Unnamed: 0,truth,svc_linear,svc_poly,poly_reg
0,30,1,1,62.485990
1,19,13,3,56.882629
2,115,13,13,60.267201
3,41,1,1,62.866345
4,3,13,13,62.268922
...,...,...,...,...
305,3,1,1,60.446078
306,23,1,1,58.477346
307,132,1,1,62.715579
308,1,1,1,61.271565


In [30]:
col_names_1 = df_approach_1.columns
print(f'Labels for approach 1: {col_names_1.values}')

Labels for approach 1: ['truth' 'svc_linear' 'svc_poly' 'poly_reg']


Since we used more than two classifier models, we can first check for statistical difference with `Cochrans Q`.

In [31]:
q_1, p_1 = cochrans_q(
        np.array(df_approach_1[col_names_1[0]]),
        np.array(df_approach_1[col_names_1[1]]),
        np.array(df_approach_1[col_names_1[2]]),
        np.array(df_approach_1[col_names_1[3]]),
)

print(f"Q (or chi-squared): {q_1:.2f} \np-value: {p_1}")

Q (or chi-squared): 12.25 
p-value: 0.002187491118182885


The results show, that $p \le \alpha$ and therefore we can reject our null hypothesis.
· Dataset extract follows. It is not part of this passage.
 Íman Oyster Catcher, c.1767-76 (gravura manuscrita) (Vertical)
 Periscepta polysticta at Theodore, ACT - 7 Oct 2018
We can conclude, that we have a difference in classification accuracy!

In order to find the "best" classifier model, we use `McNemar` to compare the models pairwise.

In [32]:
# prepare list of possible combinations
value_list = list()
value_list.append(list(df_approach_1[col_names_1[1]]))
value_list.append(list(df_approach_1[col_names_1[2]]))
value_list.append(list(df_approach_1[col_names_1[3]]))

labels = get_label_combinations(df_approach_1)
values = get_value_combinations(value_list)

In [33]:
for i in range(len(labels)):
    mcnemar_test(df_approach_1, values[i], labels[i])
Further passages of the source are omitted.